WAYS TO ACCIDENTALLY GET BANNED FROM LYFT BY FREAKING YOUR DRIVER THE F-OUT
I'm sorry, "Michael," wherever you are...I love you and still need your services.
- •See list description. You're already half-way there!
- •Rush out to greet your driver in a very "Marissa-Tomei-Rehab-Escapee-Flagging-down-truck-driver-in-Slums-of-Beverly-Hills/ Christine-Baranski-in-one-shot-from-Bowfinger" kind of way, without intending to, or wearing an outfit even remotely resembling either. Also, do not be nearly as good-looking.
- •Sit in back seat, because you feel like it.
- •Give overly-precise directions to your relatively-close destination by force of habit and basic desire for things to "just move along."

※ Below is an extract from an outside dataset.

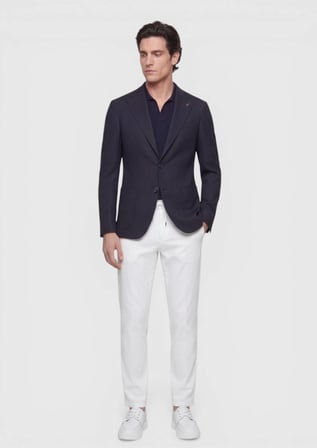 Lacivert Zeroweight Slim Fit Yün Karışımlı Ceket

- •Once planned route is hastily under-way, begin rummaging through one of your 4 purses. Doesn't matter which one. This is done so calmly as to deny all suspicions of "performativity," but it's kinda "on you" to already be aware that 4 purses will freak anyone out, especially when you're just not going that far.

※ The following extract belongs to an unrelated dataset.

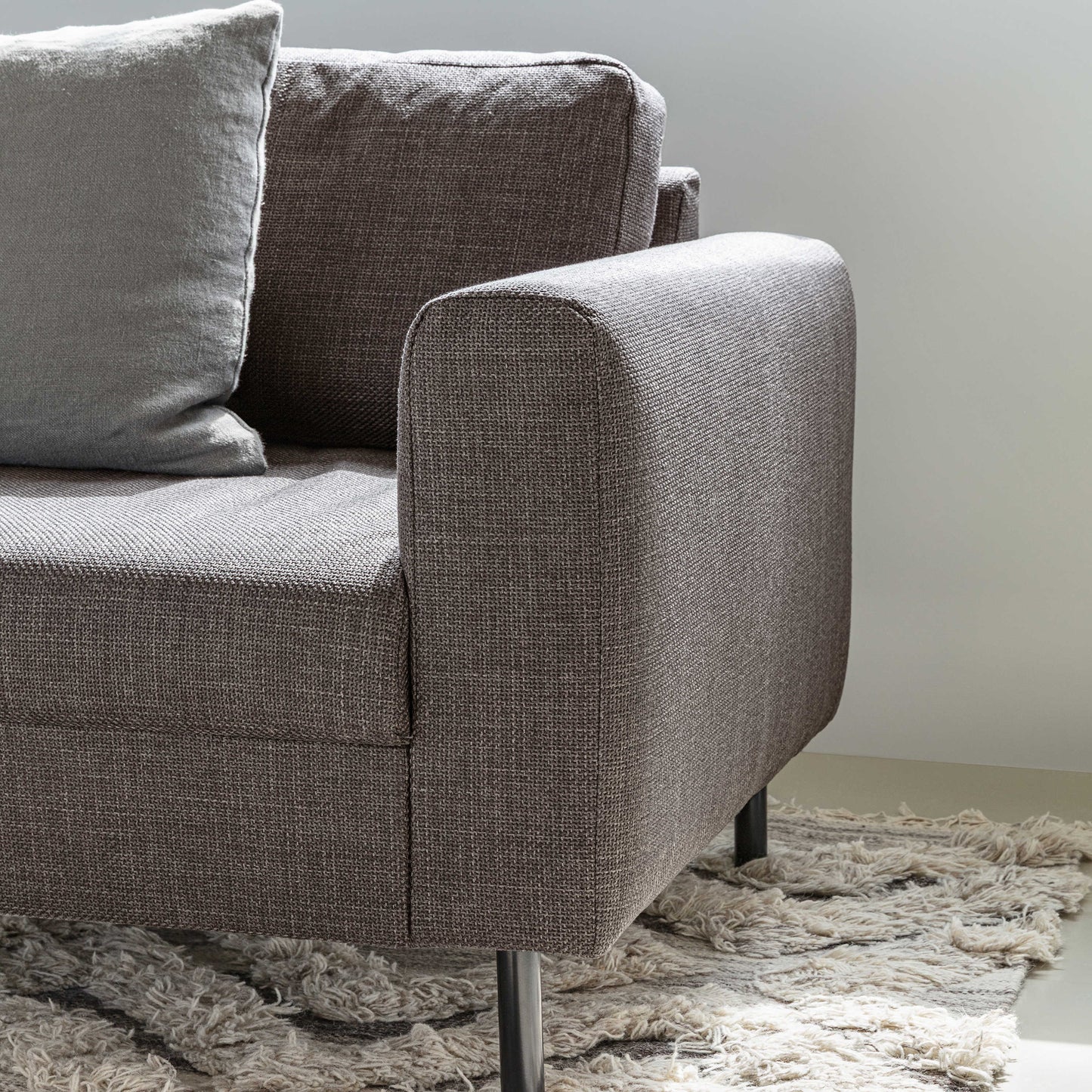 San Sebastian 2 Seater Sofa Upholstered Light Grey Brown Fabric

- •While keeping your sunglasses on and all the hair you have in the world in front of your face, slowly remove a 30ft-long, neatly-coiled 1/4-in - XLR audio cable and meticulously-examine it for defects. Hold it up to the on-coming sunlight; make its presence known in the rear-view mirror; run your hands over it casually while gazing out the window.
- •Appear to, and in reality be, oblivious to all this until your ride is complete.
- •Tip slightly too-well because you're either in a hurry or bad at math or both.
- •Write a list about it later that will somehow come back to haunt YOU, in return.